Probably not. The staff does their best, but is very limited in what they can do. With only five nannies looking after the 19 toddlers and babies during the day and another four doing the night shift, the staff is overstretched.
Childline spokesperson, Olebile Machete explains that their biggest challenge is raising funds to keep the institution running efficiently. “Most donors insist that their money should go directly to the children and not towards paying the center’s support staff. So we have to make do with the few staff members we have.”
Even the money that is budgeted for the children’s upkeep does not seem enough to cover all their needs. Staff here has to stretch the budgeted P5000 a month to cover the center’s grocery list, which includes disposable nappies and food for the 19 orphans.
As for toys and clothes, they depend mostly on hand me downs. The center does not even have enough cots and some children have to sleep on the floor.
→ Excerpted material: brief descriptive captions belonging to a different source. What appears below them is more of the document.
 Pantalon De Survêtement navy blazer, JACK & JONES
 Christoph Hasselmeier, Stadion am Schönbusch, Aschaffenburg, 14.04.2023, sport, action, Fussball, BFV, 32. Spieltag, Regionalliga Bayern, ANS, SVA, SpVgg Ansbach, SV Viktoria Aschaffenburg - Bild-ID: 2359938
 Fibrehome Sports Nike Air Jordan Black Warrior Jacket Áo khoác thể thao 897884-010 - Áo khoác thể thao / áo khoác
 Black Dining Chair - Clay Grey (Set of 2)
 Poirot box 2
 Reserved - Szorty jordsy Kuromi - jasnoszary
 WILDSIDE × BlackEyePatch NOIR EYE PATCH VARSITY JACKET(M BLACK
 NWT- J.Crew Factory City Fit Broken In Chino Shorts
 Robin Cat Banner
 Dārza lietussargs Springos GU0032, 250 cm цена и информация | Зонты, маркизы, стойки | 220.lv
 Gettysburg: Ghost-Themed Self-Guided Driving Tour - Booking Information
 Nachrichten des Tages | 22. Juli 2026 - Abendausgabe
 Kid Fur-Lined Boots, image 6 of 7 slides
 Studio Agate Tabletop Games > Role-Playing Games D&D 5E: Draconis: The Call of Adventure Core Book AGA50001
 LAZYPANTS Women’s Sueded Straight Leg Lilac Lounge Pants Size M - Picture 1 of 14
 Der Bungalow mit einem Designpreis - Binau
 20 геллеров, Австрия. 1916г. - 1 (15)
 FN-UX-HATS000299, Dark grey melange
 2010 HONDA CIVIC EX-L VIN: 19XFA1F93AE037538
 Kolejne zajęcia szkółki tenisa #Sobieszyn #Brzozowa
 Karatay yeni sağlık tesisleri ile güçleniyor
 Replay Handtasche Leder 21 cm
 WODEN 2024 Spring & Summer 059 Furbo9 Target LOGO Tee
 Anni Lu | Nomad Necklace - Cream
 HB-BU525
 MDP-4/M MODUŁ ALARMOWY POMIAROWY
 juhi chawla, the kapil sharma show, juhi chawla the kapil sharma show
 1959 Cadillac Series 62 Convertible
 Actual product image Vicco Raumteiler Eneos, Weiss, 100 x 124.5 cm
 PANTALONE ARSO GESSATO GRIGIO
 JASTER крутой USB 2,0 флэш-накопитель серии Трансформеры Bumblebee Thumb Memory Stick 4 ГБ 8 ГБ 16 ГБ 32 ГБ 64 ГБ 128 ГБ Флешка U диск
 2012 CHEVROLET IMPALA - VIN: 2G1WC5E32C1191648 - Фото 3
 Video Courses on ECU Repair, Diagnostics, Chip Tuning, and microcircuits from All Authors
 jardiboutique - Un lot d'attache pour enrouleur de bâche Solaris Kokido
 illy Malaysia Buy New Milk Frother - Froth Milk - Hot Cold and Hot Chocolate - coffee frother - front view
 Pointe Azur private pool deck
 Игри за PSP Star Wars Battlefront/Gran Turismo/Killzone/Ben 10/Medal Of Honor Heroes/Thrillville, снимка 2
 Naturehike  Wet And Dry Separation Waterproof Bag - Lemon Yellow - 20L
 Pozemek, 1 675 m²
As we make our way to the center’s kitchen, Machete stops to cuddle a young girl who calls all the helpers ‘mama’ and hung on to them all the time.
“This is not the best environment to raise children. Their cognitive development is slower when they are raised in institutions. Finding homes for these children is better than institutionalization, but the adoption process in Botswana can take years,” explains Machete.
He cites the case of a child who was brought in at three months and immediately found foster parents. The adoption process has been dragging for the past three years and the child is now three and still institutionalized.
We were hardly out of the playroom for ten minutes but when we came back, we found a clutch of toddlers huddled around a baby chair on the floor, chanting, “Nana! Nana! Nana!”
They were taken in by the helpless demeanor, lolling head and milky mouth of a three months old baby who had just been brought in by a social worker.
She was abandoned at the hospital. From there, she was reported to the social workers who handed her over to the Childline Orphanage. This is the most common procedure with abandoned children. They stay at the hospital for sometime while inquiries are made to see if their parents can be found – mostly they are not.
Sometimes, the child will have a handwritten note in a pocket, explaining why their mother felt compelled to abandon them.
Some say, “I am sorry, I am too poor to keep the child”; others say that the mother is single and HIV positive and can not raise a child.
Mostly, the babies are abandoned in places where there is little doubt they will be found – in hospitals, by the roadside and public toilets. Only occasionally are they found on rubbish dumps and drainage ditches.
Miss Botswana organizer, Bissau Gaobakwe, and the current Miss Botswana, Sumaiya Marope, believe that poverty and lack of education combine to make abandonment a major issue in Botswana. Gaobakwe, Marope and Childline have launched a campaign to launch a 24 hour toll free Childline phone line which will offer counseling and support to new mothers who find themselves saddled with unwanted babies. Machete, Gaobakwe and Marope were last week visiting media houses to help drum up support for their public education campaign.